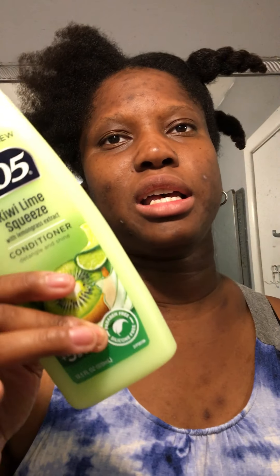I frequently — like every three days — wash my hair, especially with using this activator, because activator really coats your hair, so it's good to wash it out. But that's another video. I just want to show you my quick method to a quick cut, just to get some of the tangles out.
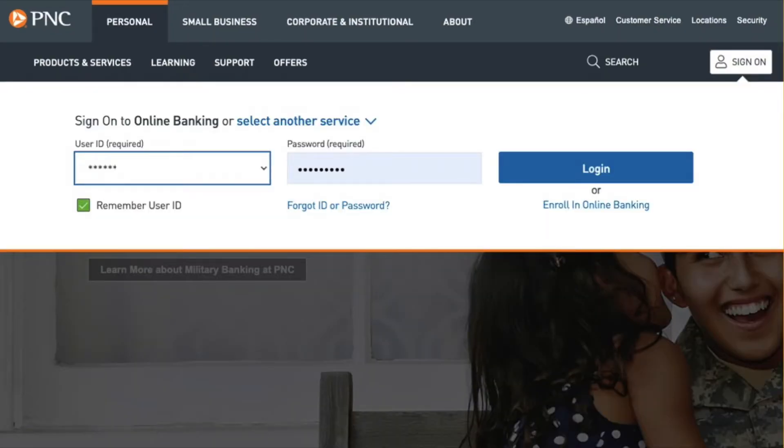If you lost your debit card for PNC Bank Virtual Wallet, or if it was stolen, it is time to lock your card. To lock your PNC Bank debit card, first open the PNC Bank website and login using your username and password.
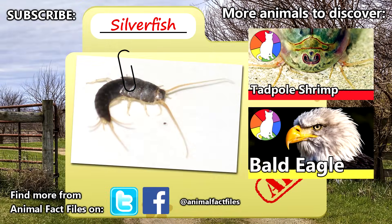For more facts on silverfish, take a look through the links in the description. Leave a comment with your thoughts on these fishy insects. Thank you for watching, and give a thumbs up for more Animal Fact Files!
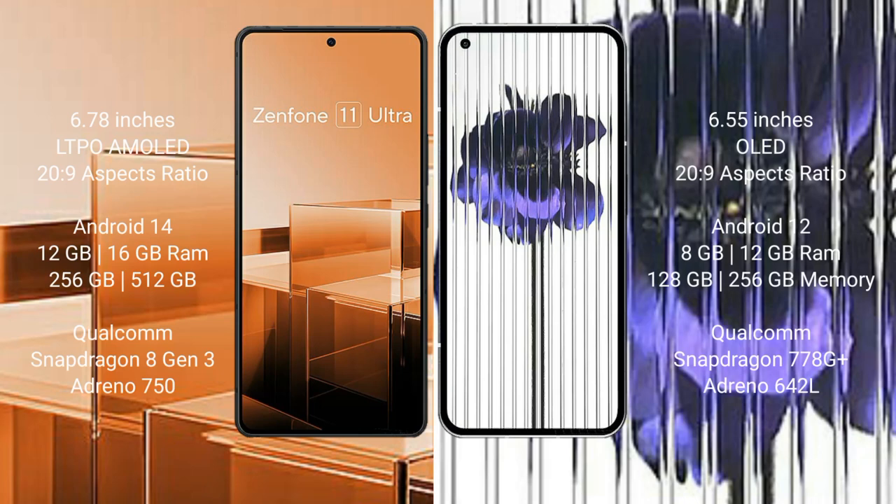The Asus Zenfone 11 Ultra comes with a 6.78-inch LTPO AMOLED display and Snapdragon processor. The Nothing Phone 1 comes with a 6.55-inch OLED display and Snapdragon processor.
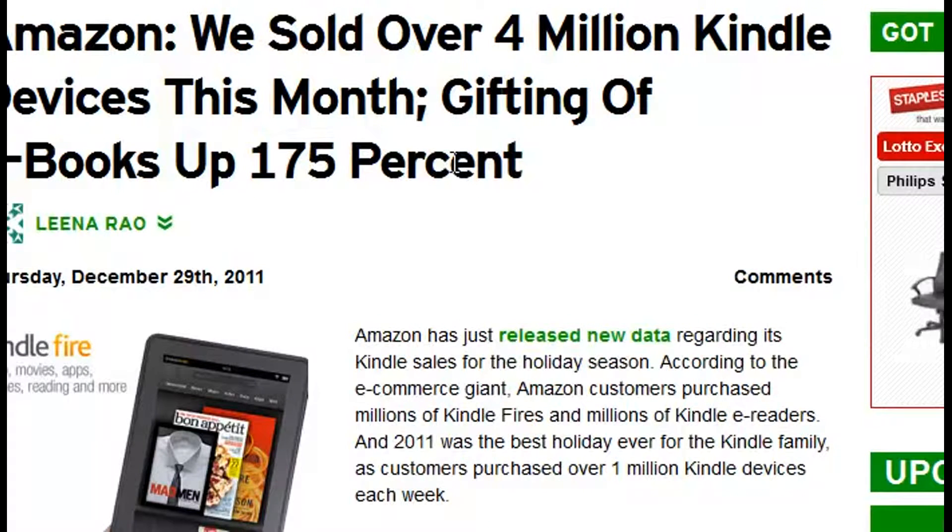What that basically means is that the market is wide open. So that's good news for us as Kindle publishers or potential Kindle publishers. Kindle books have been outselling paperbacks for quite some time.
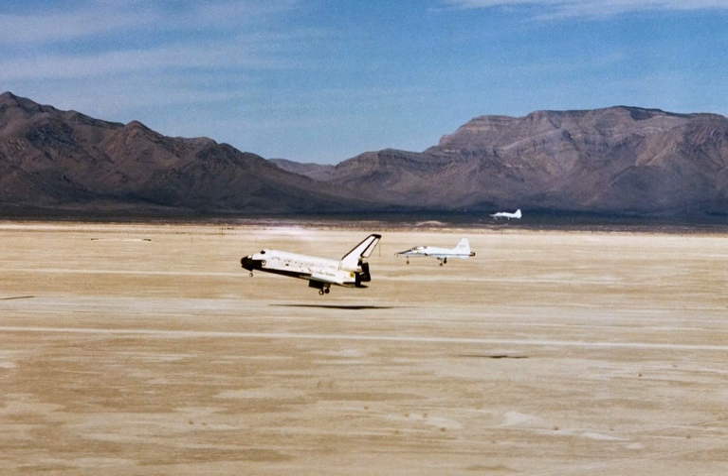In 1976, NASA selected Northrop Strip as the site for shuttle pilot training. A second runway was added crossing the original North-South Landing Strip, and in 1979 both lakebed runways were lengthened to 35,000 feet, which includes 15,000 feet of usable runway with 10,000 feet extensions on either end, to allow White Sands Space Harbor to serve as a shuttle backup landing facility.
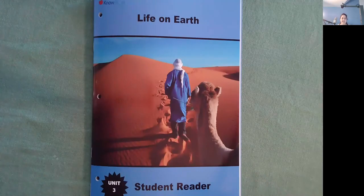Hello, I'm Miss Ginsberg with Know Adam, and today we're going to be reading Life on Earth. This is a student reader in Unit 3.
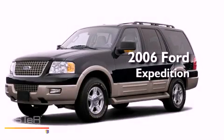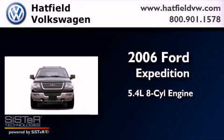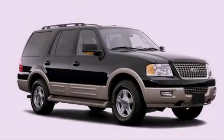This is a 2006 Ford Expedition. It has a 5.4-liter 8-cylinder engine, a 4-speed automatic transmission, and 4-wheel drive.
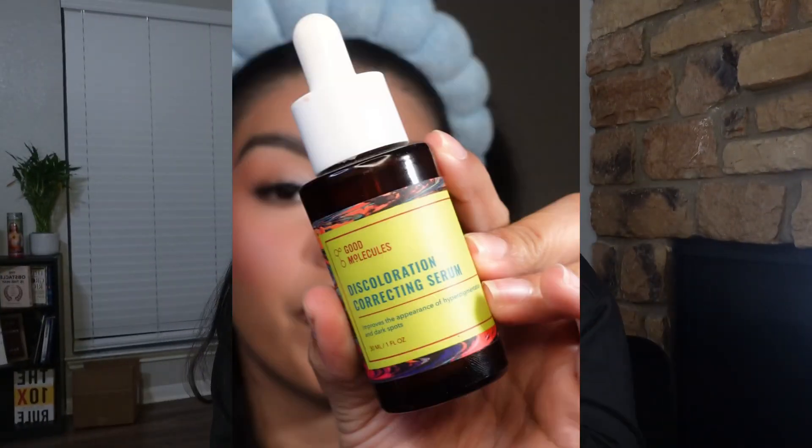Product number two is my Good Molecules Discoloration Serum, which is very affordable and very effective. Usually affordable products don't show much of a difference, but with this serum I've seen a huge difference because it contains niacinamide, which has helped even out my skin tone.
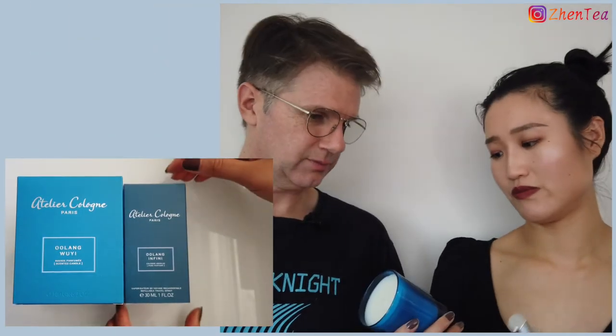This perfume - I gotta say, wow. That's not subtle - I can smell it already with the cap on. It's from Atelier Cologne and it says it's a Wulong, specifically Wuyi. I thought it might be different since one is a perfume and one is a candle - the candle says Wuyi. The perfume is just listed as oolong so I'm surprised they smell the same. The candle outside the cap I could smell it from across the room. We don't like this smell - it's overly strong.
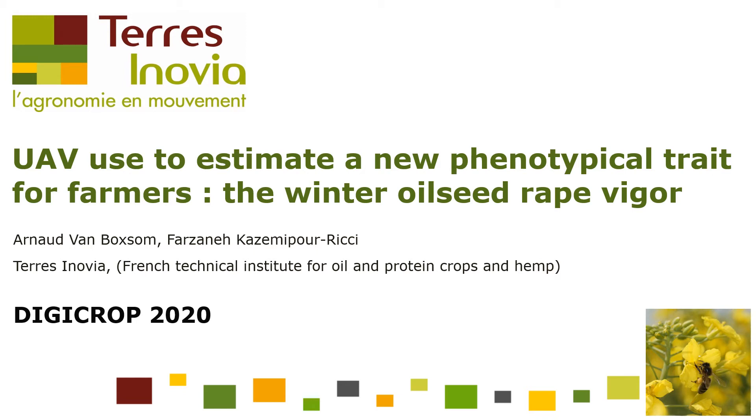Hello everyone. Our presentation for DigiCrop 2020 is about UAV use to estimate a new phenotypical rate for farmers: the winter oilseed rape vigor. I'm Arnaud Van Boksom, I'm in charge of VET testing at Terrinovia. These slides were prepared with my colleague Farzane Kazemi-Pourricci.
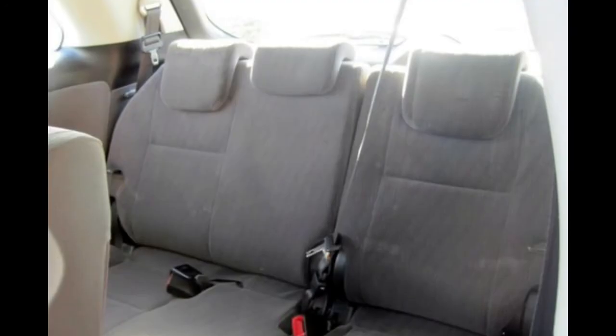If you're looking for a first-rate vehicle, this could be yours today. Our website offers more information on all of our vehicles. Contact us today.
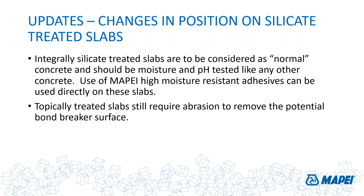In summary on silicate-treated slabs: integral treated concrete slab — green light, treat it like a normal slab, still do moisture tests and pH tests to confirm appropriate curing. Topically treated slabs still require abrasion before proceeding.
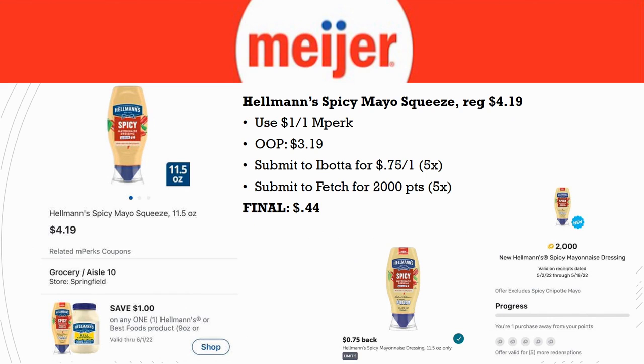Deal on Hellmann's Spicy Mayo Squeeze: regularly priced $4.19. Use $1 off one MPerks, pay $3.19. Submit to Ibotta for $0.75 back on one (limit five times) and Fetch gives 2,000 points back (limit five times). Final cost: just $0.44 for one bottle. If you want to max it out, the other four are $1.44 each after rebates — still a great deal.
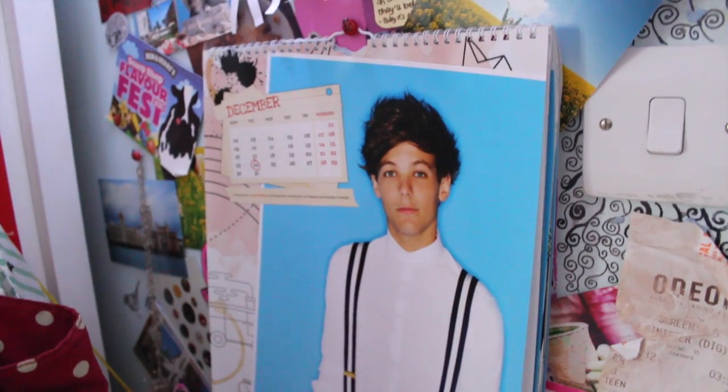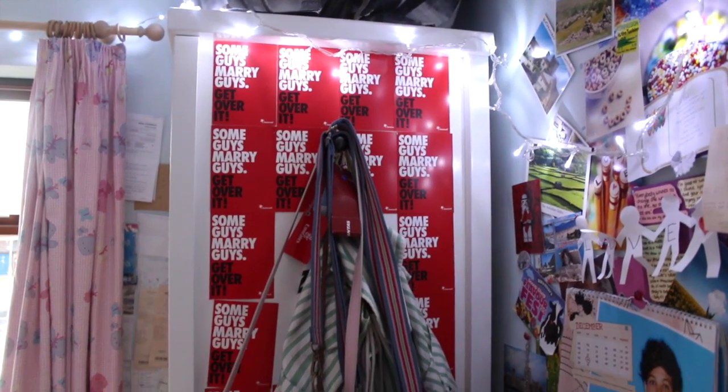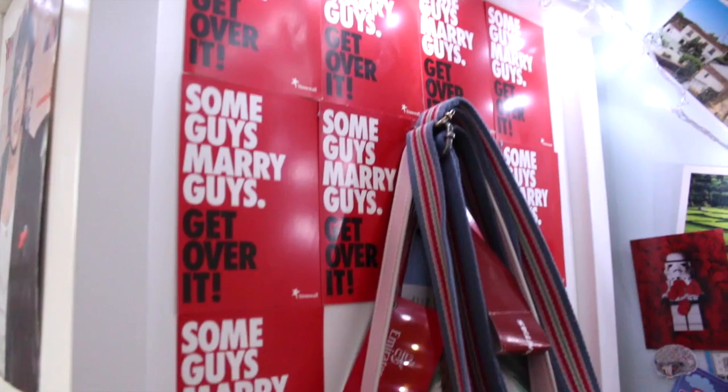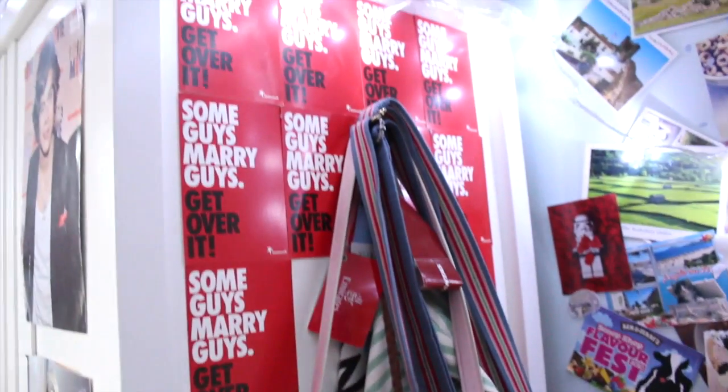I also have a One Direction calendar because no girl can be complete without one of those. Next to my wall display I have the back of my wardrobe, which is filled with some 'guys marry guys, get over it' posters — a cause I definitely support — as well as quite a few of my bags pinned up so I can easily reach them when I walk out my door.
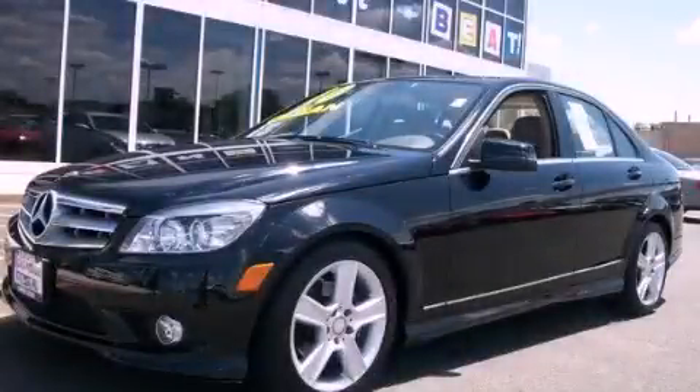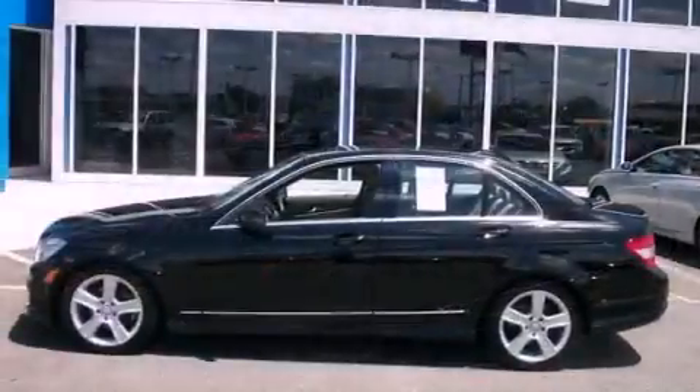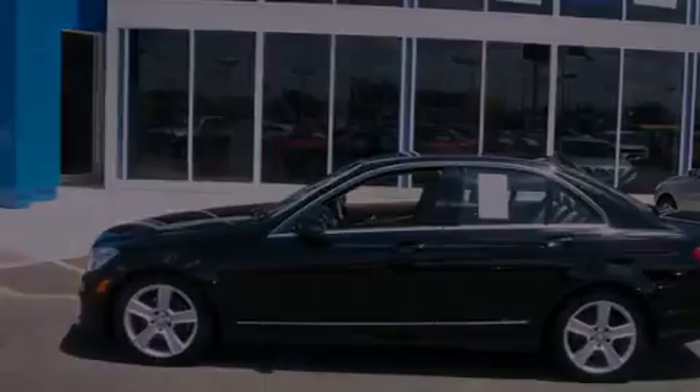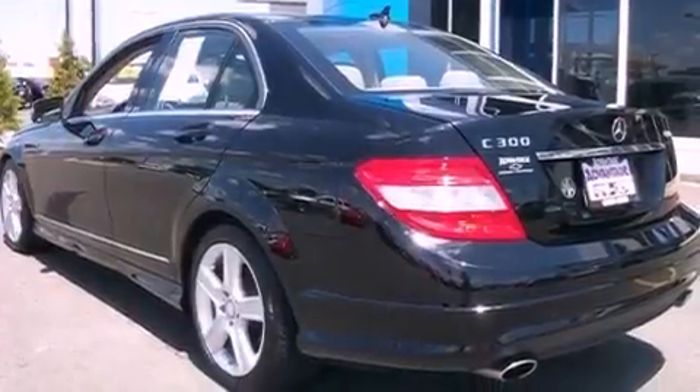This is a 2010 Mercedes-Benz C-Class, a drive-in shape that provides endless luxury. It features a 3.0-liter six-cylinder engine and an automatic transmission.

--- --- ---

▸ **TASK DIRECTIONS**
Set every record down exactly, omitting pictures.

▸ **EXERCISE ANSWER**
I frequently — like every three days — wash my hair, especially with using this activator, because activator really coats your hair, so it's good to wash it out. But that's another video. I just want to show you my quick method to a quick cut, just to get some of the tangles out.
If you lost your debit card for PNC Bank Virtual Wallet, or if it was stolen, it is time to lock your card. To lock your PNC Bank debit card, first open the PNC Bank website and login using your username and password.
For more facts on silverfish, take a look through the links in the description. Leave a comment with your thoughts on these fishy insects. Thank you for watching, and give a thumbs up for more Animal Fact Files!
The Asus Zenfone 11 Ultra comes with a 6.78-inch LTPO AMOLED display and Snapdragon processor. The Nothing Phone 1 comes with a 6.55-inch OLED display and Snapdragon processor.
What that basically means is that the market is wide open. So that's good news for us as Kindle publishers or potential Kindle publishers. Kindle books have been outselling paperbacks for quite some time.
In 1976, NASA selected Northrop Strip as the site for shuttle pilot training. A second runway was added crossing the original North-South Landing Strip, and in 1979 both lakebed runways were lengthened to 35,000 feet, which includes 15,000 feet of usable runway with 10,000 feet extensions on either end, to allow White Sands Space Harbor to serve as a shuttle backup landing facility.
Hello, I'm Miss Ginsberg with Know Adam, and today we're going to be reading Life on Earth. This is a student reader in Unit 3.
This is a 2006 Ford Expedition. It has a 5.4-liter 8-cylinder engine, a 4-speed automatic transmission, and 4-wheel drive.
Product number two is my Good Molecules Discoloration Serum, which is very affordable and very effective. Usually affordable products don't show much of a difference, but with this serum I've seen a huge difference because it contains niacinamide, which has helped even out my skin tone.
This perfume - I gotta say, wow. That's not subtle - I can smell it already with the cap on. It's from Atelier Cologne and it says it's a Wulong, specifically Wuyi. I thought it might be different since one is a perfume and one is a candle - the candle says Wuyi. The perfume is just listed as oolong so I'm surprised they smell the same. The candle outside the cap I could smell it from across the room. We don't like this smell - it's overly strong.
Hello everyone. Our presentation for DigiCrop 2020 is about UAV use to estimate a new phenotypical rate for farmers: the winter oilseed rape vigor. I'm Arnaud Van Boksom, I'm in charge of VET testing at Terrinovia. These slides were prepared with my colleague Farzane Kazemi-Pourricci.
If you're looking for a first-rate vehicle, this could be yours today. Our website offers more information on all of our vehicles. Contact us today.
In summary on silicate-treated slabs: integral treated concrete slab — green light, treat it like a normal slab, still do moisture tests and pH tests to confirm appropriate curing. Topically treated slabs still require abrasion before proceeding.
Deal on Hellmann's Spicy Mayo Squeeze: regularly priced $4.19. Use $1 off one MPerks, pay $3.19. Submit to Ibotta for $0.75 back on one (limit five times) and Fetch gives 2,000 points back (limit five times). Final cost: just $0.44 for one bottle. If you want to max it out, the other four are $1.44 each after rebates — still a great deal.
I also have a One Direction calendar because no girl can be complete without one of those. Next to my wall display I have the back of my wardrobe, which is filled with some 'guys marry guys, get over it' posters — a cause I definitely support — as well as quite a few of my bags pinned up so I can easily reach them when I walk out my door.
This is a 2010 Mercedes-Benz C-Class, a drive-in shape that provides endless luxury. It features a 3.0-liter six-cylinder engine and an automatic transmission.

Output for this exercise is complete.